Ya
se van los pastores, los reyes y demás patulea, eso sí, las tiendas no
descansan: ahora vienen la requetecompra, el descambiar y la rebaja. Y tras todo
este trasiego la ciudad acaricia un invierno que muestra una cara sin
personalidad por eso del cambio climático.
La ciudad, ese invento donde nos
corregimos mutuamente y donde ahora le crece la luz por las tardes; ese aire
que por fin está alejado de los villancicos y otros envoltorios. Llega la hora
de caminar, de alargar los paseos, de buscar los encuentros como los personajes
del Cuarteto de Alejandría.
Y gusta nombrar las calles, tomar un té
en la Ribera y ver despedirse a los turistas que nos han situado con sus
preguntas en la estricta realidad geográfica de la urbe. Complace la deriva, el
andar sin norte, cruzar el río o buscar alguna de las excelentes bibliotecas
que posee cualquier distrito. Somos afortunadas y, además, podemos beber algún
licor que apacigüe aún más la tarde y nos haga charlar suavemente como los rosáceos colores que se pierden por Vallehermoso.

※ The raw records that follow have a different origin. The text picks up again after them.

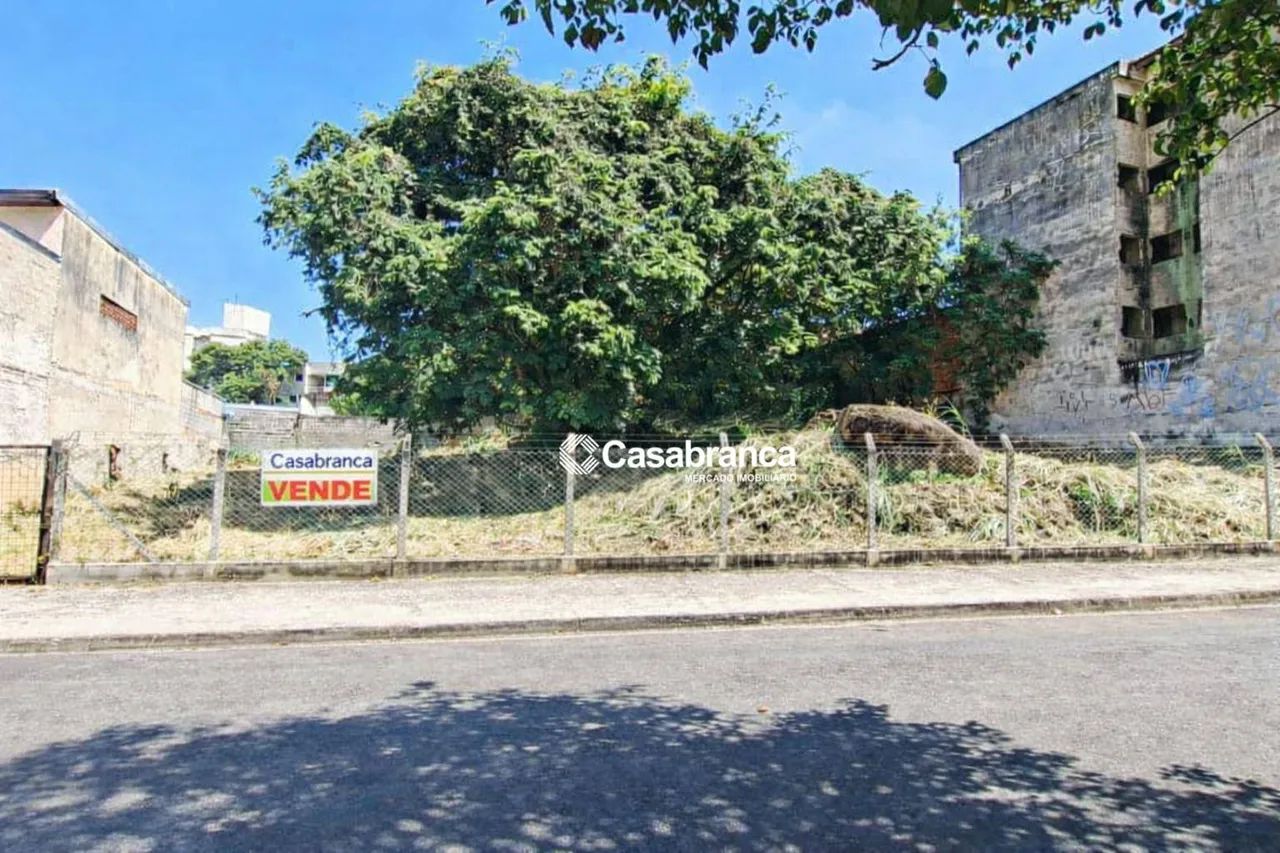 Terreno para comprar com 1200 m², no Jardim Europa, em Sorocaba/SP.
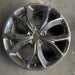 20" HORNET 23-25 aluminum, 20x8 Original OEM Wheel Rim - Additional View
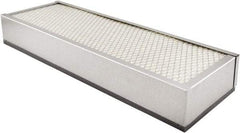 Hastings - Automotive Air Filter - Caterpillar 8C9657, Donaldson P543107, Fleetguard AF55789 - Hastings PA3782, Wix 46825 - Industrial Tool & Supply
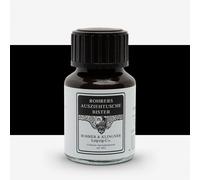 Rohrer & Klingner : Indian Ink : 50ml : Bister (Bister)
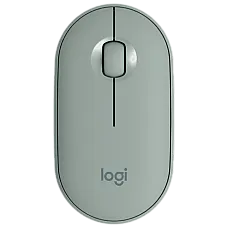 Wireless Mouse Logitech M350, Optic..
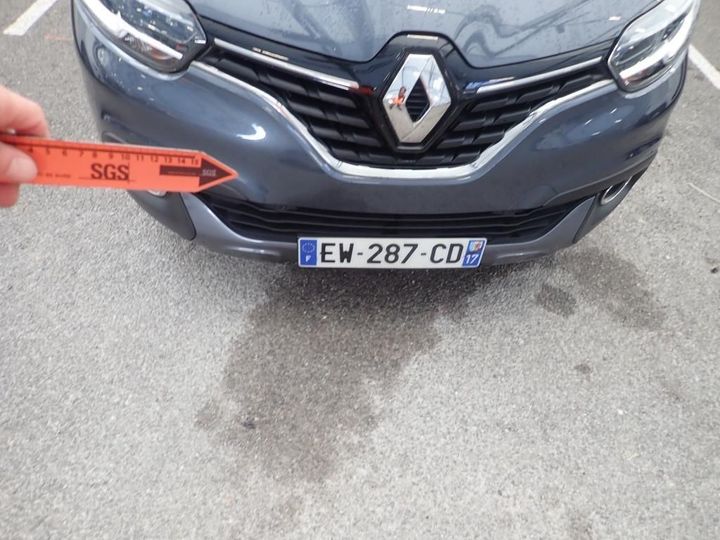 Photo 22 VIN: VF1RFE00960598079 - RENAULT KADJAR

Y gusta ir no como pesimistas u
optimistas sino, como diría Marguerite Yourcenar, gusta ir “con los ojos
abiertos”, porque queda mucho trecho y es conveniente que estemos despiertas. Y
por eso pienso que el acto más revolucionario que podemos llevar a cabo es
cuidarnos, cuidarnos a nosotras mismas, tomar un buen desayuno, no tener prisa,
despreciar los congelados y otros excipientes, saber buscar los sabores
sinceros de la tierra y conversar con la conciencia de quien paladea la
palabra.
Sí, ya se van las luces de artificio,
el espumoso sabor de los vinos, las visitas al lugar donde no dejas de ser niña, y vienen las horas con su capital de instantes, que tendremos que domeñar si no
queremos ser esclavas de los otros y del comercio y su lenguaje interesado y
numérico.
Así que cada vez que coincidamos por
las calles tenemos la oportunidad de establecer el relato, el fresco relato, de
quienes queremos apreciar los infinitos saberes de la literatura y no optamos
con quedarnos con una sola historia. “Yo soy una mujer de religiones”, creo que
decía también la Yourcenar, que amaba tanto el sentido de lo sagrado, sentido
que hoy hemos perdido y confundido con lo dogmático. Pero, en fin, en nuestras manos está saborear cada gesto
que nos regalamos al saludarnos por la ciudad y cuidarnos como si, desdobladas
y responsables, fuéramos la mejor amiga de nosotras mismas.